Human glioma tissue samples (n=24) were analyzed to detect the change in expression of PDCD4 in glioma. RT-qPCR demonstrated that PDCD4 was significantly downregulated in glioma tissues (by ~20%), as compared with adjacent normal tissues (P=0.034; Fig. 1A), which was supported by western blot analysis (Fig. 1B). In a few samples, no PDCD4 expression was detected.

This experiment was repeated with glioma cell lines (U251, LN-18, U87 and H4), and the human astrocyte HA cell line was used as the control. RT-qPCR and western blot analysis demonstrated that PDCD4 expression was suppressed in all glioma cell lines compared with the HA cells, and its expression was the lowest in the U251 cells (Fig. 1C and D).

Next, the potential functions of PDCD4 in glioma were investigated. A lentivirus was constructed, Lenti-PDCD4, containing the full length PDCD4 cDNA, and PDCD4 was overexpressed in U251 cells by infection with Lenti-PDCD4. Western blot analysis indicated that PDCD4 was successfully overexpressed compared with the Lenti-Empty construct (Fig. 2A). CCK-8 assay was employed to determine whether PDCD4 affects the proliferation of glioma cells. Glioma cells infected with Lenti-PDCD4 exhibited a significantly lower proliferation rate than the control at 48 and 60 h following transfection (P<0.05; Fig. 2B). In addition, Transwell migration assays were performed to verify invasive ability. The results demonstrated that PDCD4 overexpression resulted in a significant decrease in the invasion rate of U251 cells compared with the control (P<0.05; Fig. 2C).

Next, mechanisms underlying PDCD4 downregulation in glioma were investigated. Epigenetic modifications, particularly methylation at specific histone sites, are important in gene expression. ChIP assays demonstrated that the level of H3K27me3 at the PDCD4 promoter region increased significantly in the U251 cells, as compared wih the HA cells (P=0.019; Fig. 3A), thus favoring transcriptional silencing. Conversely, H3K4me3 exhibited little change between the HA and U251 cells (P>0.05; Fig. 3A). The levels of EZH2 and suppressor of zeste 12 (SUZ12), core components of the PRC2 complex, at the PDCD4 promoter region were significantly increased in the U251 cells, as compared with the HA cells (P<0.05; Fig. 3B). These results indicated that the PRC2 complex was able to downregulate PDCD4 expression by increasing the level of H3K27me3 at its promoter.

The expression of HOTAIR was measured in human glioma tissue samples. RT-qPCR demonstrated that HOTAIR expression was significantly elevated (by ~30-fold) in glioma tissues, as compared with normal tissues (P=0.039; Fig. 4A). A similar trend was observed in the glioma cell lines, in which HOTAIR RNA levels were significantly elevated compared with the HA cells (P<0.05; Fig. 4B). To investigate the function of HOTAIR, the gene was knocked down in U251 cells using siRNA, which significantly decreased its expression, as compared with the scramble RNA (P<0.05; Fig. 4C).

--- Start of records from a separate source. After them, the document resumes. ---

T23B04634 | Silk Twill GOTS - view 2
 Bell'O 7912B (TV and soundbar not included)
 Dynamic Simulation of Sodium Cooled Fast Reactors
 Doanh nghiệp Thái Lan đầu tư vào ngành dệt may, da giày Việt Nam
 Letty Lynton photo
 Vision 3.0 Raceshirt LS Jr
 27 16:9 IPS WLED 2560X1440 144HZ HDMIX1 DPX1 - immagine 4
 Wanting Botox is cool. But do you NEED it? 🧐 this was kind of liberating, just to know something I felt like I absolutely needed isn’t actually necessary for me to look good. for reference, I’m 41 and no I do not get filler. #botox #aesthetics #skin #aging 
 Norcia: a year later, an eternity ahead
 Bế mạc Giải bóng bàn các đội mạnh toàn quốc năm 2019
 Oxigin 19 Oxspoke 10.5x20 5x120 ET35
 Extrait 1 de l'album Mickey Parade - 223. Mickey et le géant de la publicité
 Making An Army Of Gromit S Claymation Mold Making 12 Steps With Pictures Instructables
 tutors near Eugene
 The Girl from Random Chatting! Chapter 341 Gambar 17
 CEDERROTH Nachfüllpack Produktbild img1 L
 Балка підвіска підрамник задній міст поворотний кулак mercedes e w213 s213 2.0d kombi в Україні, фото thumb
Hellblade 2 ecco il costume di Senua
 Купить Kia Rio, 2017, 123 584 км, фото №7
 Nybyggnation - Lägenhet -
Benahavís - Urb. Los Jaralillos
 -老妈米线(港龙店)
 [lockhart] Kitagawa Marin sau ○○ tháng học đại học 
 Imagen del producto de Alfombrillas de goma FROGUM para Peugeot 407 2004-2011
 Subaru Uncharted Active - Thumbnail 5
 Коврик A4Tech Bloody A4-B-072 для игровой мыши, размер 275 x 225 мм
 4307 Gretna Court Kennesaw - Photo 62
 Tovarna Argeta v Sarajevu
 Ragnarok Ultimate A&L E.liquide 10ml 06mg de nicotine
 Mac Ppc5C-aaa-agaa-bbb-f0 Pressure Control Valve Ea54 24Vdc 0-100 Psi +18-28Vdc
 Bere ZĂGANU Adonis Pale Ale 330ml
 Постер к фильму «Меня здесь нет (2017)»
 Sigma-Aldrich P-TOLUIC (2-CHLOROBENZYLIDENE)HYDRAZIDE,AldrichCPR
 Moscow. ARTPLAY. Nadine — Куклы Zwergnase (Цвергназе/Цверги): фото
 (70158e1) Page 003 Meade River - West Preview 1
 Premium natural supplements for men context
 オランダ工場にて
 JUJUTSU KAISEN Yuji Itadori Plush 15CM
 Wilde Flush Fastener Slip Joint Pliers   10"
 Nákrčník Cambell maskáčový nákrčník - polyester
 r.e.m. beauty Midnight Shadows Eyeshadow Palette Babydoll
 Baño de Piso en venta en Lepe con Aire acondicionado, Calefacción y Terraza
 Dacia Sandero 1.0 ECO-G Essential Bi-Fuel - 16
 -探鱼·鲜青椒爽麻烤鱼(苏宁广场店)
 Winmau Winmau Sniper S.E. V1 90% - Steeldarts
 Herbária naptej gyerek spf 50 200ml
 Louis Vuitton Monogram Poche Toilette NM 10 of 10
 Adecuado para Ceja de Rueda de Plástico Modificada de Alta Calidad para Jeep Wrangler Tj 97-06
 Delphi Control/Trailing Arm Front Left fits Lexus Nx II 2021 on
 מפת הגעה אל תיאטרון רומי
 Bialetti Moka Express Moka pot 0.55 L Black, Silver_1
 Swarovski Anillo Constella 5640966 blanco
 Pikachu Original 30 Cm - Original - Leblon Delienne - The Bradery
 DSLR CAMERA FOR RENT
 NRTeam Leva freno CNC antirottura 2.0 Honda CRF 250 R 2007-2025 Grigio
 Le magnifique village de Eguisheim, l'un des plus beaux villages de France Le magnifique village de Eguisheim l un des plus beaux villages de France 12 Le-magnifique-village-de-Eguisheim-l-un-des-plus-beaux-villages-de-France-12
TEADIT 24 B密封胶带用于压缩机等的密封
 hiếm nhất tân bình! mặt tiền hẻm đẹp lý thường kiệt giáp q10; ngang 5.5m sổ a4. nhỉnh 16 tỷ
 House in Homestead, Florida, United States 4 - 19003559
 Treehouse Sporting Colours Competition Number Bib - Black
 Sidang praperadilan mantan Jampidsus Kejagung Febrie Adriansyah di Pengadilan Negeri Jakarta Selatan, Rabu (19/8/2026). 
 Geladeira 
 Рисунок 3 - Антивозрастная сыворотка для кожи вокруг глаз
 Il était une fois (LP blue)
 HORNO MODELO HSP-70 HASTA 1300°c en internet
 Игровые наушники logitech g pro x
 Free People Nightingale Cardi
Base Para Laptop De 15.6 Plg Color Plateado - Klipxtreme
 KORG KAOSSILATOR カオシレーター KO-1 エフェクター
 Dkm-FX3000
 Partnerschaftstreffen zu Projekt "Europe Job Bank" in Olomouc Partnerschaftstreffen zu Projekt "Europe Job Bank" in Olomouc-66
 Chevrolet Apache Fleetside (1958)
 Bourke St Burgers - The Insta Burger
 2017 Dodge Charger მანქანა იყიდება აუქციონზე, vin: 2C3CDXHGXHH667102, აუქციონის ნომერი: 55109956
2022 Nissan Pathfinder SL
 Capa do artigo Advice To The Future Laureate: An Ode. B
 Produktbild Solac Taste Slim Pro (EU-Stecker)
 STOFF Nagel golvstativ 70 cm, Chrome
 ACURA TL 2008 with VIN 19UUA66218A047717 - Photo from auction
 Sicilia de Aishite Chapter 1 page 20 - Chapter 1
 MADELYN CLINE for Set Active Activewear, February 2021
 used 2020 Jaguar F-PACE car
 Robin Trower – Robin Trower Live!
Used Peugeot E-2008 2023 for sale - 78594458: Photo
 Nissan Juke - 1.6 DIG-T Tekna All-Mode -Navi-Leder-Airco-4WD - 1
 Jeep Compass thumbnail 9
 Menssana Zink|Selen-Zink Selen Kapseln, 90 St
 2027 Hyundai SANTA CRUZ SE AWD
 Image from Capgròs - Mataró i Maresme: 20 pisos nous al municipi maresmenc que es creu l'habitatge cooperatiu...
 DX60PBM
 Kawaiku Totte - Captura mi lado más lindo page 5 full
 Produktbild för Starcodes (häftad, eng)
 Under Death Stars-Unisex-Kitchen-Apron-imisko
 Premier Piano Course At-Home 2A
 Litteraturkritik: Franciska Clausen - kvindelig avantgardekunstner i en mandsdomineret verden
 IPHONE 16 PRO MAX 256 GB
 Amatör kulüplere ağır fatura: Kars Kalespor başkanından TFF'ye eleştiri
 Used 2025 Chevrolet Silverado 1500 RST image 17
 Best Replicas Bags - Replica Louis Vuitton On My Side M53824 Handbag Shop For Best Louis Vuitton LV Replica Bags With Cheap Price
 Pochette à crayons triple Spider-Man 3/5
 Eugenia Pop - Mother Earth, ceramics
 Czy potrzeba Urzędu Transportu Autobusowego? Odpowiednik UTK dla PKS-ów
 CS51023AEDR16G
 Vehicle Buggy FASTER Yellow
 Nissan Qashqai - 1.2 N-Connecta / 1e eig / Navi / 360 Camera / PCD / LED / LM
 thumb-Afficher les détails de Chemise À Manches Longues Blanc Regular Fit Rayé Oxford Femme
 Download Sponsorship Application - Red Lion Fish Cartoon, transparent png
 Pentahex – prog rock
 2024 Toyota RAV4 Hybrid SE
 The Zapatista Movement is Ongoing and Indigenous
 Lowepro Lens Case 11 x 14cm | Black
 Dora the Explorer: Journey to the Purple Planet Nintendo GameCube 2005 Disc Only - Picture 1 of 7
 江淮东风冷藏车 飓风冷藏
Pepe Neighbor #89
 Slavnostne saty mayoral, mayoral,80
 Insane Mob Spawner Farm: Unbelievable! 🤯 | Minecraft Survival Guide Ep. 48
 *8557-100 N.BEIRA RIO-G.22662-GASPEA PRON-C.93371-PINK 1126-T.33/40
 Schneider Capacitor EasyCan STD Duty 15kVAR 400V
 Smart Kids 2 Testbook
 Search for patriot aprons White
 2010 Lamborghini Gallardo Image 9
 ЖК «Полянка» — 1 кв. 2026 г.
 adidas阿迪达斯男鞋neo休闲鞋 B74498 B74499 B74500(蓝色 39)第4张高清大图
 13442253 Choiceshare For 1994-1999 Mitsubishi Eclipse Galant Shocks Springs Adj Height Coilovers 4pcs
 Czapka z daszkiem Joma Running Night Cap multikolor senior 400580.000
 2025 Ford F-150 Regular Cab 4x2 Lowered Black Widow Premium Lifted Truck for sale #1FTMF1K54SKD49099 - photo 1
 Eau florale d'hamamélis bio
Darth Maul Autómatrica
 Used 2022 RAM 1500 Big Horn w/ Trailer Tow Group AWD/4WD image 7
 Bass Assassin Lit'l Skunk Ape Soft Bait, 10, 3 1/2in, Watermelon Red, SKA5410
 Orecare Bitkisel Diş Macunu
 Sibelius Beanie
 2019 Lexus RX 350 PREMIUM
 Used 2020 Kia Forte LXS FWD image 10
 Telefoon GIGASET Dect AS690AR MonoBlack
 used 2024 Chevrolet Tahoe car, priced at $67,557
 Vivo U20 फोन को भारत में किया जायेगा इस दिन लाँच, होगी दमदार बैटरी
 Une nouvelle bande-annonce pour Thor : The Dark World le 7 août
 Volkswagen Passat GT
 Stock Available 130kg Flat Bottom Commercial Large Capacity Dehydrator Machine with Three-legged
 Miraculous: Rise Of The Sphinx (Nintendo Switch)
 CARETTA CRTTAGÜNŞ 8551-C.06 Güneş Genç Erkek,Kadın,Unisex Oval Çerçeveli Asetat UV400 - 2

The present study investigated how the expression of PDCD4 was silenced in glioma cells. It was hypothesized that HOTAIR may induce the recruitment of PRC2 to the PDCD4 promoter. Western blot analysis indicated that PDCD4 expression was upregulated when HOTAIR was knocked down in glioma cells (Fig. 5A). Histone modifications at the PDCD4 promoter were measured by ChIP assays. The results demonstrated that when HOTAIR was knocked down in glioma cells, the H3K27me3 level at the PDCD4 promoter was significantly reduced compared with the control (P=0.031; Fig. 5B). Furthermore, the recruitment of EZH2 and SUZ12 to the PDCD4 promoter was measured, and the results indicated that the level of PRC2 components at the PDCD4 promoter was decreased in glioma cells following HOTAIR-knockdown compared with the control (Fig. 5C). These results suggest that the upregulation of HOTAIR results in PDCD4 silencing in glioma cells.